▶ _SUPPLIED DATA_:
· · ·

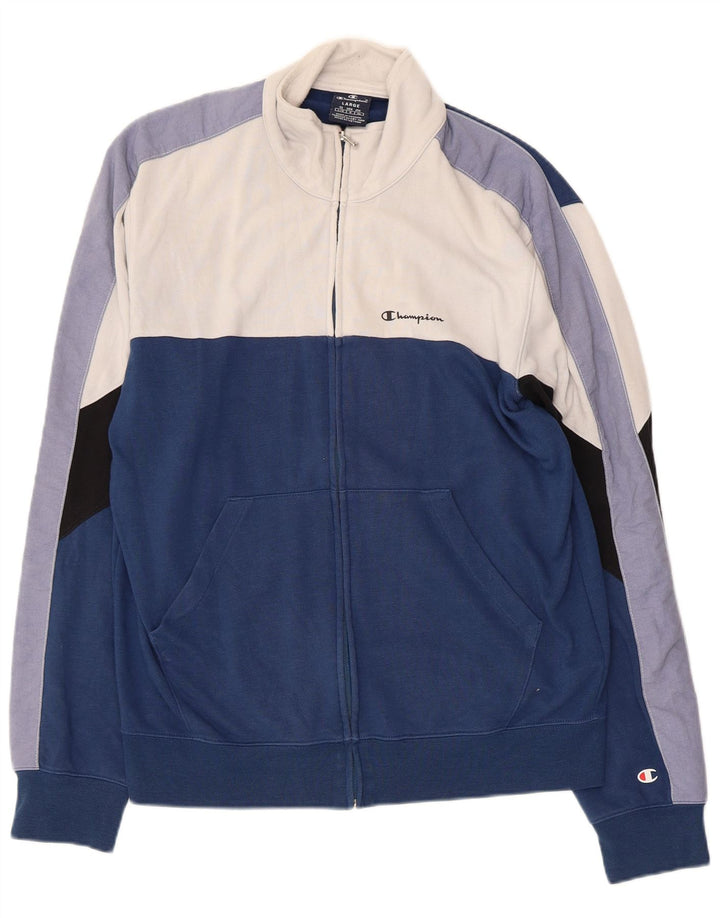 CHAMPION Mens Tracksuit Top Jacket Large Navy Blue Colourblock Cotton
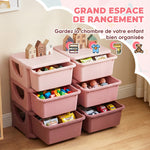 Organisateur de jouets pour enfants à 3 niveaux avec 6 tiroirs, boîtes de rangement en plastique, 75x37x56,5cm, rose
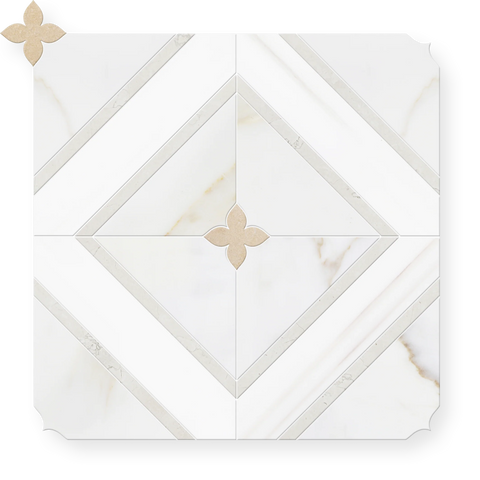Veya - Waterjet and Hand-Cut Diamond Marble Mosaic 12" x 12" Sample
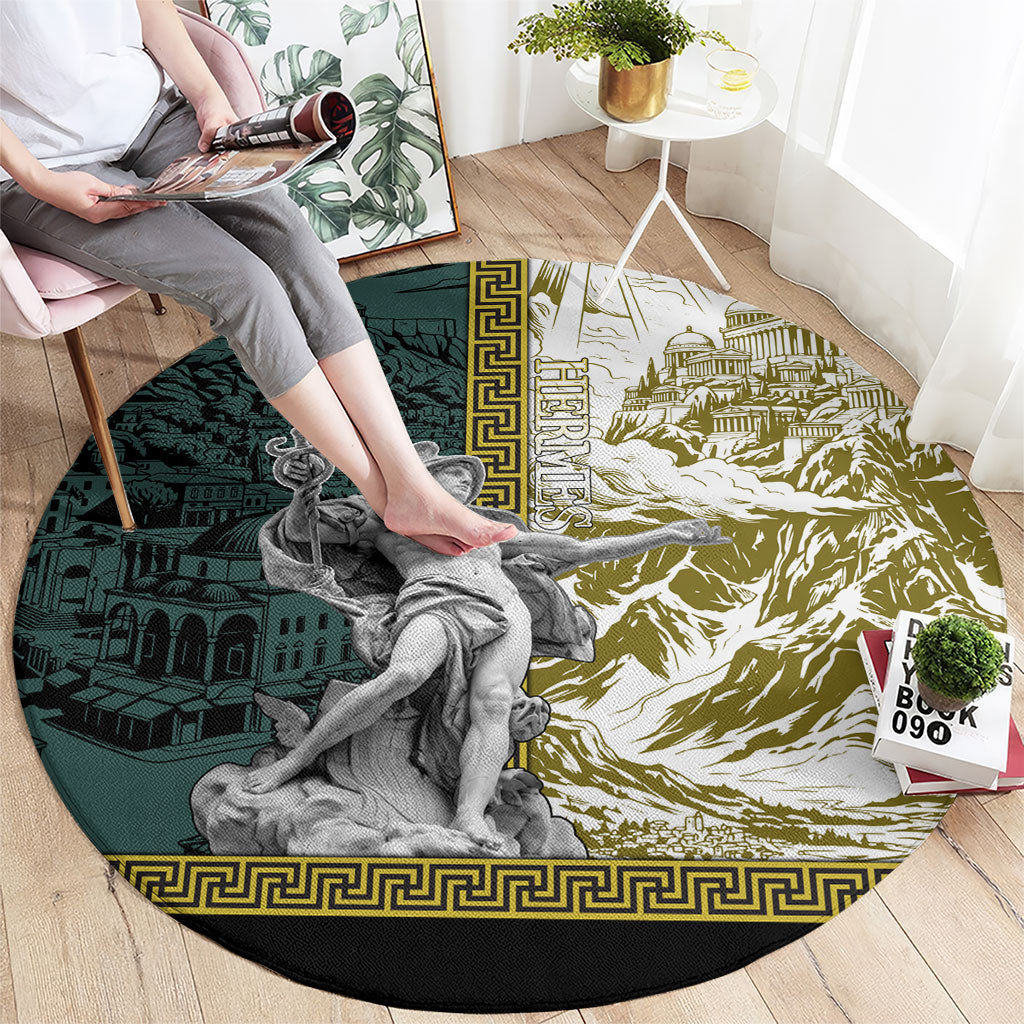Hermes Round Carpet Ancient Greek God Mythology Classical Sculpture Line Art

· · ·

▶ _DESCRIPTION OF THE TASK_: Print, please, exactly the lines from the one holding "Veya - Waterjet" through the final line of the data, both included, while leaving out each picture.

▶ _RESULT_:
Veya - Waterjet and Hand-Cut Diamond Marble Mosaic 12" x 12" Sample
Hermes Round Carpet Ancient Greek God Mythology Classical Sculpture Line Art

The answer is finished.